Whenever one is absent from the group we’d always ask where he/she is; in short, we became clingy to one another. And a while ago as we were having lunch, I realized that this may just be the last lunch we’ll have together this semester. We’re already finished with most of our classes; all that’s left are final papers and exams. I don’t know what classes we will be in next semester, or if we’ll have common breaks to have lunch dates like these again.

It struck me how time flies so fast, and I became sentimental (though I kept it to myself). I realized how grateful I am for these people I got to spend time with. Their company had kept me sane throughout the hell weeks we’ve survived this semester; their words of encouragement helped me go on when I was at my lowest; their presence gave me the assurance that I’ll always have people to hold on to for support, and I did the same for them.

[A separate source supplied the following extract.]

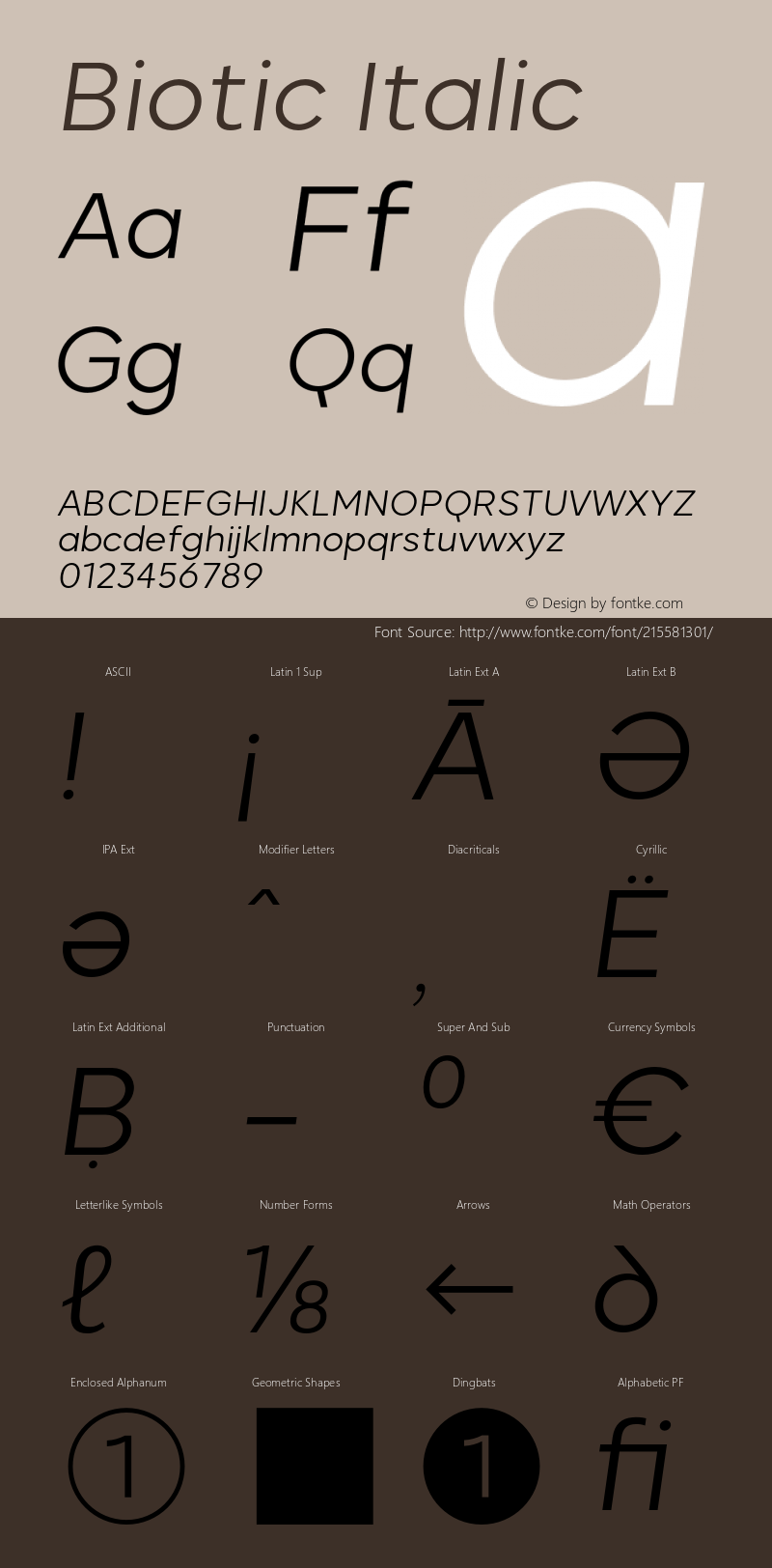 Biotic Italic Version 2.000;FEAKit 1.0图片样张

Conversations with them always take me by surprise, because I get amazed at how talented or how good or how loyal this person is. It’s true what Levinas says, that the other will always reach out to us and surprise us, taking us out of ourselves. We can’t live by ourselves, and we don’t simply live for ourselves. We’re created as social beings for a reason. Though we have our own rich interiorities, there will always be gaps that the Other can fill through our encounters with them. Sometimes when we’re too tired, it takes people to remind us of our worth because we cease to see it ourselves. And sometimes, especially during the difficult moments, their company is all we need.

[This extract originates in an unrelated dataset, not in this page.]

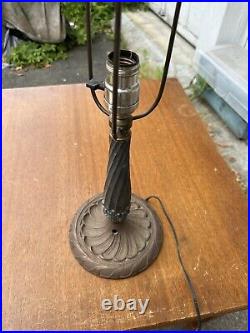 Antique Bigelow & Kennard Cast Iron Table Lamp Base For Slag Reverse Glass Shade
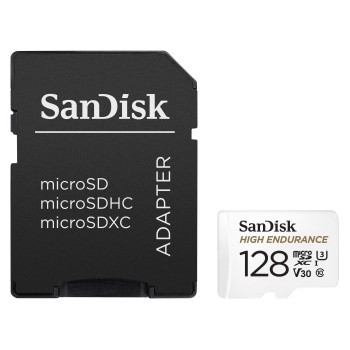 Ein schwarzer SD-Kartenadapter und eine weiße Micro-SD-Karte. Die Karten stammen von der Marke SanDisk.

All of these things reminded me how we should be grateful for every single person in our life, and the time we get to spend with them—because we don’t know what circumstances will be like the next time. We may never get to interact with them the way we do now. As the quote reminds us, “you may only pass this way once.” It’s good to be reminded that there’s more to life than fulfilling requirements; more importantly, life is about relationships. Every encounter with people is unique in itself. Every moment is a gift.

“When you spend time with people, it’s never wasted time.”


1 comment:

  1. I agree with your blog post and I was also considering posting the quote that you just posted (:
    My dad would also tell me that it is better to spend your money on people rather than on personal items that will only benefit you. In a way, by spending time with people, it is like (and should be like) a subconscious investment on the Other. Subconscious, because we know we are doing this for the Other, but we shouldn't help the Other out just cause in the back of our mind we want something in return. It is an investment because we are helping the Other grow in their own way. Even if we may not get a "Thank you" or they do not give us the same type of care and love we give to them, it should be enough to see them use our help to their advantage to be the very best individuals they can be.

    Just like Tom Hanks in Cast Away, even if we may lose all our earthly possessions, as long as we have an Other, we can survive in this broken world (just like the idea of how he made a character out of Wilson the volleyball).